>>648
>指導者の思想の本質と、現場の残酷さがどうしてもつながらない
それは指導者の思想の本質を理解していない証拠だよ。以下では映画の話ではなく、一般論を語る。

ある思想、とりわけ政治的な思想というものは、その思想の味方につくか、それとも敵方につくかの
選択を個々の人間に強いる。組織の内側と外側をはっきり分けるためだ。生物学的に言えば、細胞と
同じだね。細胞膜によって内側と外側が規定されている。細胞膜が破れて修復できなくなれば、それ
はもう細胞とは呼べない。
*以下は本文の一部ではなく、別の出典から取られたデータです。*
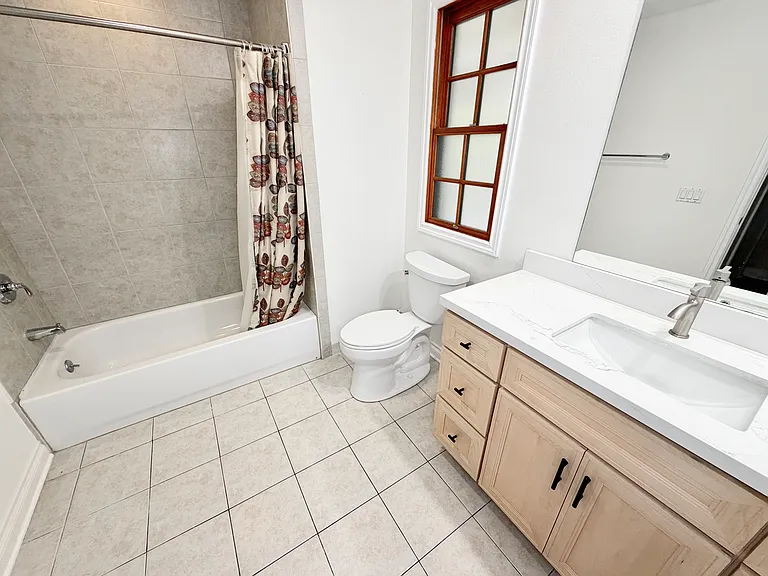 333 N Hill Ave #207 — Photo 30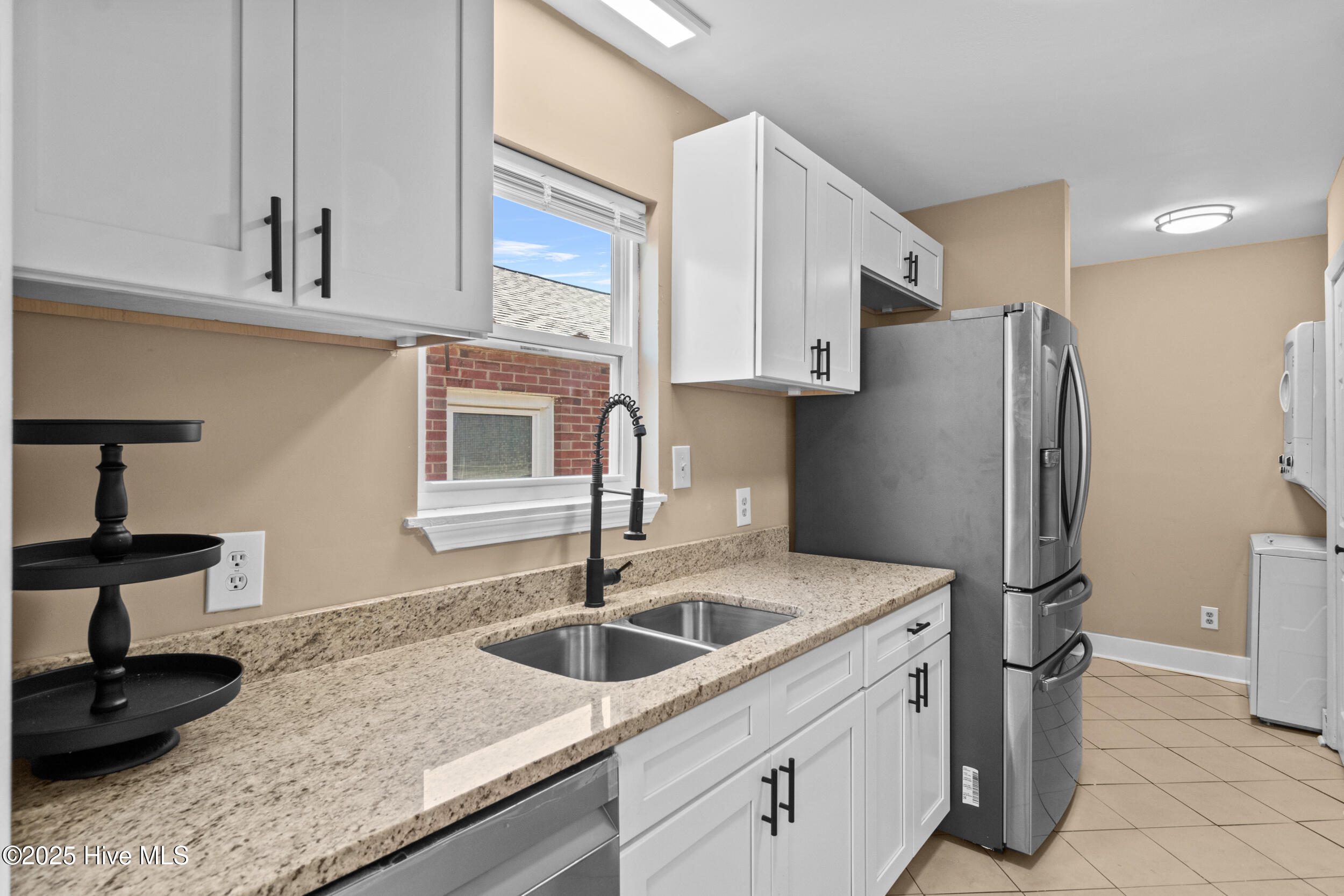 118 S 13th Street Property Photo 15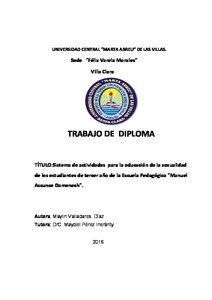 Miniatura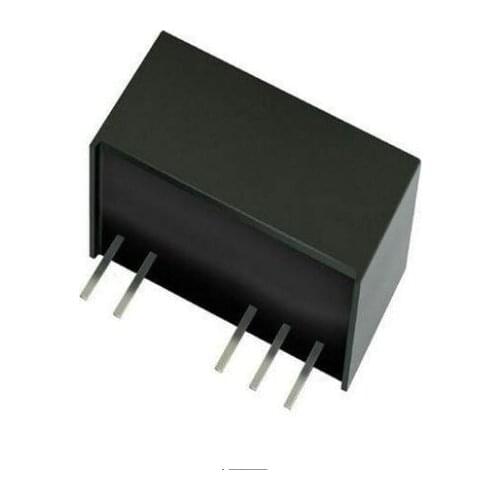 New original NMJ0509SAC DC-DC SIP-5 5.2kVDC Isolated 1W DC/DC Converters Power module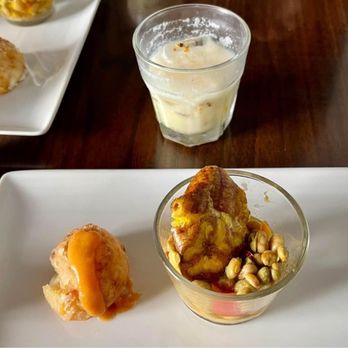 The Spoon Experience - Tours Near Me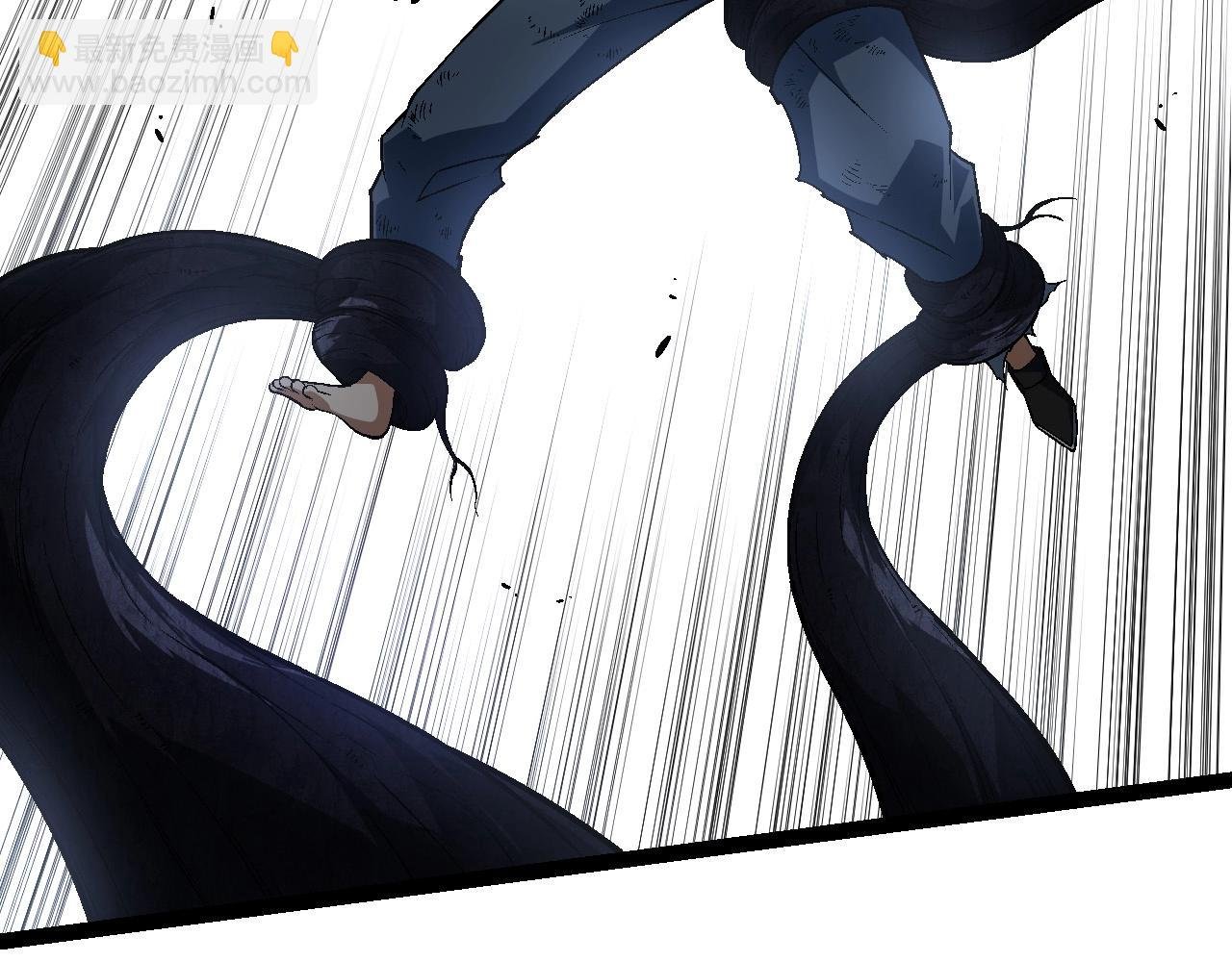第176话 天眼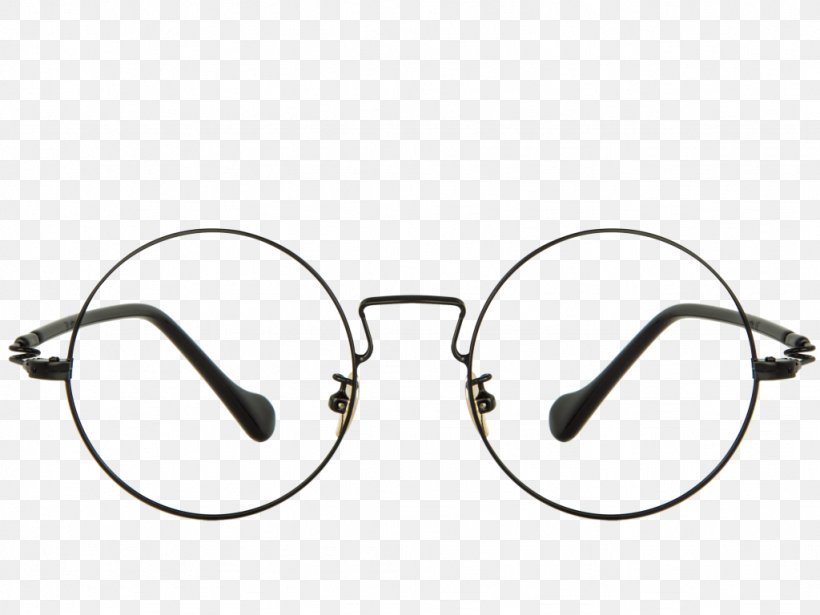 Sunglasses Goggles Black, PNG, 1024x768px, Glasses, Black, Black Metal, Eyewear, Fashion Accessory Download Free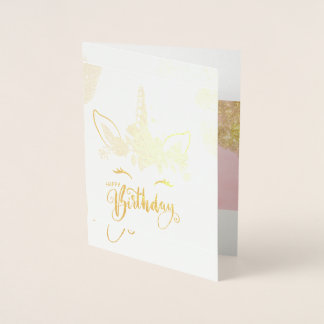 joyeux anniversaire, card in French, birthday card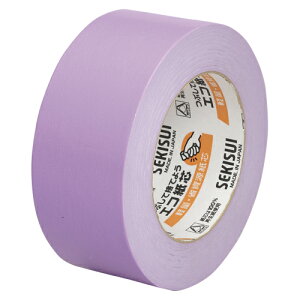 yN[|zzzi܂Ƃ߁j Ntge[v ZLXC J[Ntge[v  K50WE13 4901860180146 @F50mm×50m 1y×50Zbgz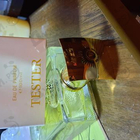 Духи Moon 1947 Gold от Norana Perfumes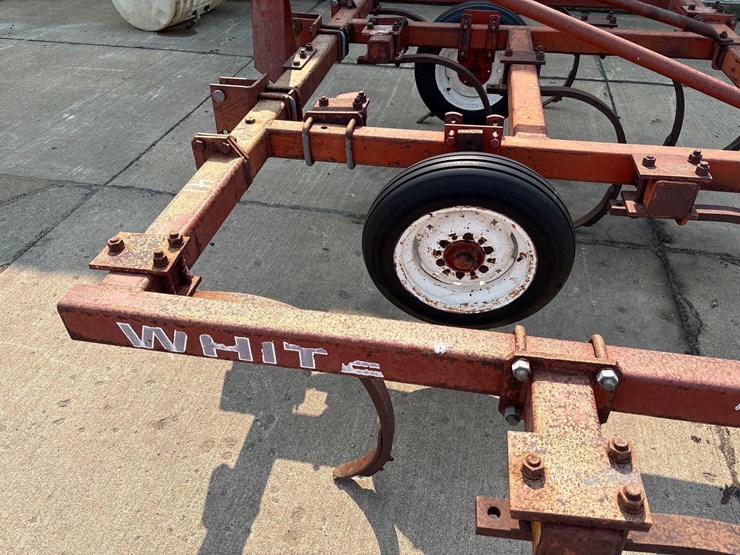 white-458-image-5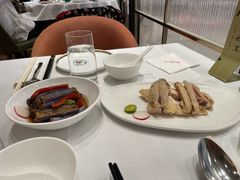 -老吉士(环贸iapm店)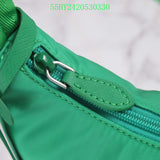 Prada Bags - The Barnes Bags  1242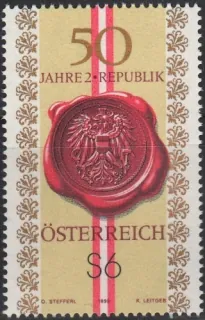 2183**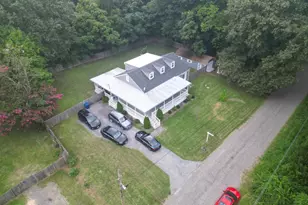 22907 Benjamin Banneker Blvd, Aquasco, MD 20608 - Photo 37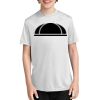 Youth Essential Performance Tee Thumbnail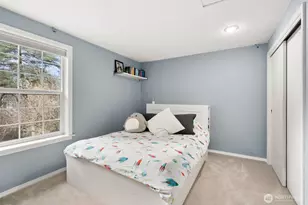 3515 Gainsborough Ct SE, Olympia, WA 98501 - Photo 27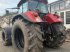 Traktor типа Case IH CVX 1190, Gebrauchtmaschine в Bühl (Фотография 9)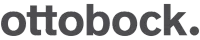 intellior_Referenz_Ottobock Kundenlogo schwarz-weiß (200 x 40 px)
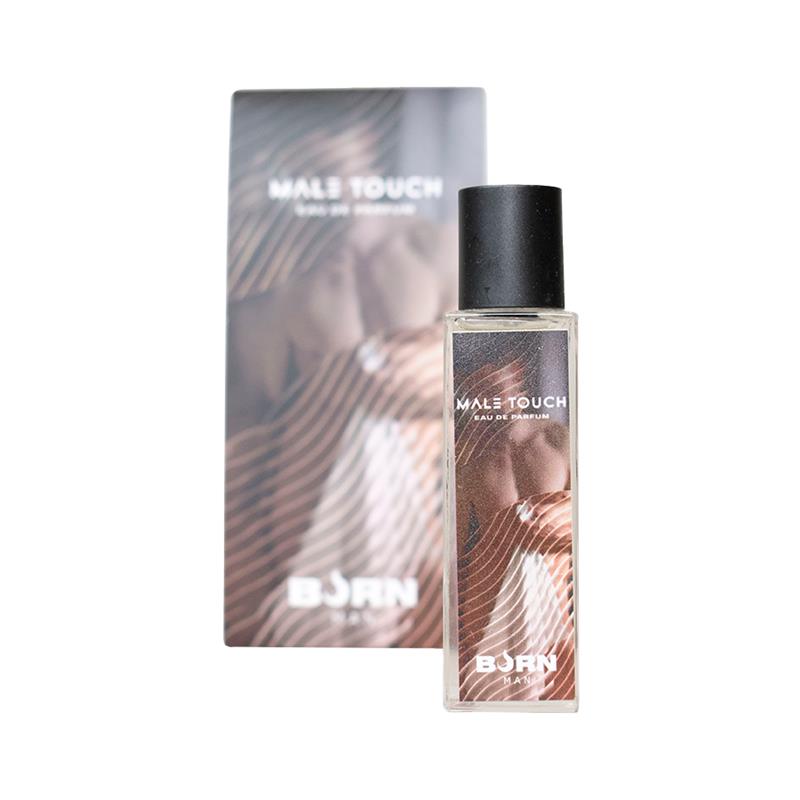 MALE TOUCH MEN'S PERFUME 20 ML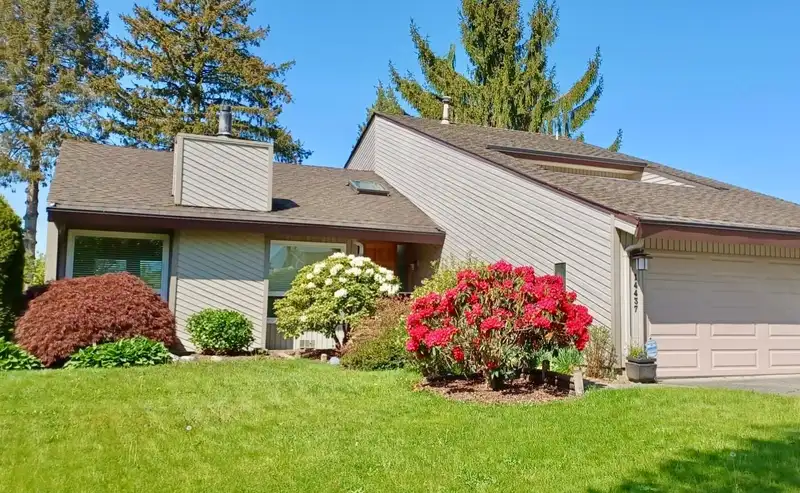 14437 CHARTWELL DRIVE - photo 1 of 30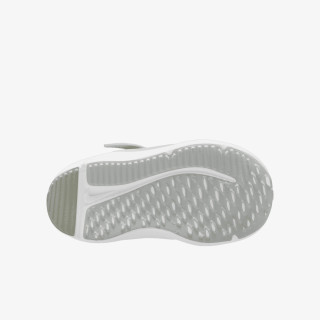 Nike Pantofi Sport NIKE COSMIC RUNNER TD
したがってあらゆる組織は、細胞膜を維持するためなら何でもやるのだ。
諸君が日常的に目にする、あるいは所属する組織は、ぬるま湯で危機感が薄い集団なのかもしれない。
だが、どんな組織であろうと、ぎりぎりまで追い詰められれば成員に圧力をかける。組織を防衛する
局面においては、個人の生命など何ほどの価値もない。ISはそこまで行った。あれが組織の真の姿だ。

思想というのは本来的に残酷なものである。たとえ指導者が100%の善意に基づいていたとしても、
組織自体が存続を望むとすれば、100%の善意に基づくわけにはいかない。指導者の意思は関係ない。

思想は残酷なものではないときみが考えているとすれば、それはある種の思想に洗脳されている証拠
に他ならない。思想の本質と現場の残酷さとを切り離して考えてもらう方が好都合な組織が行う洗脳
の、だ。その考え方をどこで誰に教え込まれたのか、よく思い出してみるがいい。もしも自分自身で
考え出したのだとするなら、きみは確固とした思想を備えた指導者になれる素質があると断言しよう。